BEGIN Records for the task

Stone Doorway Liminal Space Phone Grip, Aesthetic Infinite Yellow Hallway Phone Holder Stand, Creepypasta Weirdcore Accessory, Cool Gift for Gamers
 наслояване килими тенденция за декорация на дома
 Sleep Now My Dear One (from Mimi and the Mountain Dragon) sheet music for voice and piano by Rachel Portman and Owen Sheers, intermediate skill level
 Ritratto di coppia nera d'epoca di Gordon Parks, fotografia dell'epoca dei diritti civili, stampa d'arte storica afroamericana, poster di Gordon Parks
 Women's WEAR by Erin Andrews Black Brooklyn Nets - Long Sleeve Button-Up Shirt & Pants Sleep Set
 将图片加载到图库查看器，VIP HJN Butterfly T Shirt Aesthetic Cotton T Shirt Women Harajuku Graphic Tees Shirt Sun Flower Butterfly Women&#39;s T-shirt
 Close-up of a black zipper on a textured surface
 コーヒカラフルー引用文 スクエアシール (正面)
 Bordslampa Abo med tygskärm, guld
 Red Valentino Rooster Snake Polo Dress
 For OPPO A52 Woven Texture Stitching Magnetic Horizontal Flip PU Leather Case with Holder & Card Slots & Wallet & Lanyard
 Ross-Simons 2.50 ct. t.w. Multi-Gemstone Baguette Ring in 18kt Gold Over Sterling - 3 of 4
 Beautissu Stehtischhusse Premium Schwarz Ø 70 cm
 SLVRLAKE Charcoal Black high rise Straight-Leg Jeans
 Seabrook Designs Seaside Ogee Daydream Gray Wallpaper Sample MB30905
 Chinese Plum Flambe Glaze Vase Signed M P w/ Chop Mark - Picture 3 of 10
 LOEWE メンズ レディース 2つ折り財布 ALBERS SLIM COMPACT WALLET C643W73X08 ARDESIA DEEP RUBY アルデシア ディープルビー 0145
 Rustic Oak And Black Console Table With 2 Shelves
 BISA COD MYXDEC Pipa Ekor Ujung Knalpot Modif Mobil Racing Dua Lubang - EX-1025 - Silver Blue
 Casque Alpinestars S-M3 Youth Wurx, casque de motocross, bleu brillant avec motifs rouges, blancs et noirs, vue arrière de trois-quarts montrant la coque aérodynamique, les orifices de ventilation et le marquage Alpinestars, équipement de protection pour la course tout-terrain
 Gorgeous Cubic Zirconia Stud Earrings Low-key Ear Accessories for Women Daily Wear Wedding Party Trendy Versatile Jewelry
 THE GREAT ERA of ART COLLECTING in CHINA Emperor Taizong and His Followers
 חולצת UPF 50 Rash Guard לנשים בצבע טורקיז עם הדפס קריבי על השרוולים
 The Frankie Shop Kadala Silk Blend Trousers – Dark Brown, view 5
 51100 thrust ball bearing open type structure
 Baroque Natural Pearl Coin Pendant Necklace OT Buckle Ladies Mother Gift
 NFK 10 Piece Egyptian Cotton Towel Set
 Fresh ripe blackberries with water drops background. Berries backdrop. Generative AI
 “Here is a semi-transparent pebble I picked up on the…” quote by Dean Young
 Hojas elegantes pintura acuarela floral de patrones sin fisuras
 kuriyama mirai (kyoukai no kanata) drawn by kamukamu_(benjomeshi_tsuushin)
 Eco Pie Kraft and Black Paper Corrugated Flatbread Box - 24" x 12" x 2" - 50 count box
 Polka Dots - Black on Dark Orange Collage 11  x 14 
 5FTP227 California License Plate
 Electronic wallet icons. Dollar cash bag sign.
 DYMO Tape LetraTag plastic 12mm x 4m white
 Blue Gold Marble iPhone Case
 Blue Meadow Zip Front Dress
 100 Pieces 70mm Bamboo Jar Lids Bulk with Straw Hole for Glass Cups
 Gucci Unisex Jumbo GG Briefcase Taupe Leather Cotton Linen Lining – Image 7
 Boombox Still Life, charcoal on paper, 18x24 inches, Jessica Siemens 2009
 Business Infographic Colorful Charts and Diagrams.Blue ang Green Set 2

END Records for the task

▶ **What this task involves**: Please go line by line through the records above, copying each one that holds the string "Dark".

▶ **Result of this task**:
 The Frankie Shop Kadala Silk Blend Trousers – Dark Brown, view 5
 Polka Dots - Black on Dark Orange Collage 11  x 14 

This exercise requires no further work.